De manière un peu similaire, Annie Ernaux s'était d'abord opposée au fait qu'on parle d'auteure ou d'autrice pour la désigner avant de changer d'avis sur le sujet : les lignes bougent.
Pour ma part, je pense qu'il y a une interaction plutôt qu'un lien de causalité simple entre les deux (changement de mentalités => changement de la langue), surtout si on épouse une perspective diachronique. Je pense aux termes "cisgenre" ou "hétérosexuel" qui viennent nommer ce qui ne l'était pas auparavant car placé sous le sceau de l'évidence (pourquoi en parler, alors ?). Certaines personnes ont certes conceptualisé ces termes, mais, de mon côté, c'est la rencontre avec ceux-ci qui m'a fait réfléchir à plein de trucs. Il se trouve que j'étais plutôt ouverte à ce questionnement là (j'y aurais été rétive, j'aurais pensé qu'il s'agissait d'une nouvelle manifestation de la bien-pensance islamo-gauchiste ou que sais-je), donc la langue ne suffit pas à faire changer qn d'avis, pour sûr. Mais comment penser des choses qu'on ne peut pas dire ?

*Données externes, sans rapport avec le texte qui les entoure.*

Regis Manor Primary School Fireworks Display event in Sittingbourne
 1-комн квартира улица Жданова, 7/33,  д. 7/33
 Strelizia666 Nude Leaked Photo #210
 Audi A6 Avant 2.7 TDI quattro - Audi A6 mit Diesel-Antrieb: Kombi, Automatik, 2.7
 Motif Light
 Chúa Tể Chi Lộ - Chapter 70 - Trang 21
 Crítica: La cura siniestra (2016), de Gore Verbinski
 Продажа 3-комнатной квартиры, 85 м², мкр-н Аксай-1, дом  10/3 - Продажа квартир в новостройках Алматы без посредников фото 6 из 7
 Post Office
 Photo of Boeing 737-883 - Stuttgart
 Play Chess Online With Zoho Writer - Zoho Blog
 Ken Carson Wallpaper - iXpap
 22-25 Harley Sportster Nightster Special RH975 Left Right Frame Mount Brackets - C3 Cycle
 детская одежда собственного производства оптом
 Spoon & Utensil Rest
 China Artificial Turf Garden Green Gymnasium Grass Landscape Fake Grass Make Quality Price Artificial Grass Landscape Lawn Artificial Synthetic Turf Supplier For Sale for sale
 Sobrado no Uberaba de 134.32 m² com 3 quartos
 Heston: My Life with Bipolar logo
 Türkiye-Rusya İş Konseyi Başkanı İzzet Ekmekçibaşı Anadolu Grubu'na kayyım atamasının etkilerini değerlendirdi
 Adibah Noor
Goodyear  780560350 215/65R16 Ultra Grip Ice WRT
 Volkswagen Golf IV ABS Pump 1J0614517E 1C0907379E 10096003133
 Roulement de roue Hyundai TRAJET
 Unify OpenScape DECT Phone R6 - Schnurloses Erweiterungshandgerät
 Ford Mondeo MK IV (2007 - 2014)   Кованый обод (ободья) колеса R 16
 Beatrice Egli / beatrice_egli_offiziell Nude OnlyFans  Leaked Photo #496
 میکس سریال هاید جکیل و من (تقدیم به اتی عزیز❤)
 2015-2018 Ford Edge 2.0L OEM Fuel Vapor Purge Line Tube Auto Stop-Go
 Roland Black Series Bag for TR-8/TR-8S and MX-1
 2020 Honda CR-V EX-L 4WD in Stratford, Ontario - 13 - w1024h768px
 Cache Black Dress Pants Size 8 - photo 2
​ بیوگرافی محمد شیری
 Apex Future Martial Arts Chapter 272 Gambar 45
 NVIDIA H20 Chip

Ce que tu dis sur la réforme de l'orthographe et sa non-application me fait rire un peu jaune. On ne se prive pas de critiquer l'écriture inclusive pour sa dimension élitiste qui exclurait les personnes DYS (entre autres). Et je peux l'entendre, d'ailleurs. Mais quand je vois, d'après ce que tu écris, que personne ne semble s'en préoccuper dès lors que cela ne recoupe pas des questions de visibilisation des femmes, je me dis que ça confine au foutage de gueule.
Pour ma part, je ne pense pas que le changement ni le progrès arrivent naturellement : s'il y a des changements, c'est parce que des personnes comme toi éduquent différemment leurs enfants. Mais ces choix éducatifs n'ont rien de naturel : elles sont le fruit d'une réflexion et d'un positionnement politique au sens large. Et je t'en remercie.